Quando se quebra um osso, não importa em que parte do corpo, a gente sente a própria fragilidade brotando dali, de uma fissura. São sensações diversas: dor, incômodo, imobilidade. Conforme os dias passam, a gente tece a paciência. Descobre novas formas de dormir e aprende que cada pedaço seu é também seu todo.

Quando se perde a fé no ser humano é mais complicado. Porque as pessoas te ferem sem imaginar o tamanho do estrago. As sensações são intensas: frustração, dor, inquietude e outras tantas mais. Nunca entendi porque, tendo uma mente pensante, você aniquilaria com o seu semelhante. Seria objetivo? Meta? Imoralidade? Maldade?

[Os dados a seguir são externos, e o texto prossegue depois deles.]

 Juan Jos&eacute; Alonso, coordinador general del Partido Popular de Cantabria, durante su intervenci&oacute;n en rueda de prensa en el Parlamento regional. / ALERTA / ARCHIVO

E você vai remoendo os porquês até que um dia você volta a sentir leveza nos próprios gestos, a sorrir do absurdo, a ouvir o seu próprio tum-tum cardíaco. Seu coração não mais está oprimido. Está pulsante. Está feliz.

Dei-me conta que estou reabilitada. Já posso ouvir outros sonhos sem achar que precisam ser verdadeiros. Somos falhos. Somos uma sucessão de erros. Alguns acertos, mas a maioria são erros. A minha reabilitação deve-se tão somente eu saber que se toda a mentira me fosse doada empacotada, ilustrada, perfumada, agora, eu saberia que jamais a quis. Não quero mais o faz de conta. Já estou bem crescidinha. Historinhas bonitinhas, enfeitadinhas, para o lobo mau comer a vovozinha e de sobremesa a chapeuzinho, ihhh ficou lá trás, aliás, perdeu até a graça porque lobos só sabem babar. E quando comem, só pensam em arrotar.

Reabilitar não foi fácil. Mas é uma conquista pessoal e intransferível.

Sente o cheiro do amanhã? Já o inalei.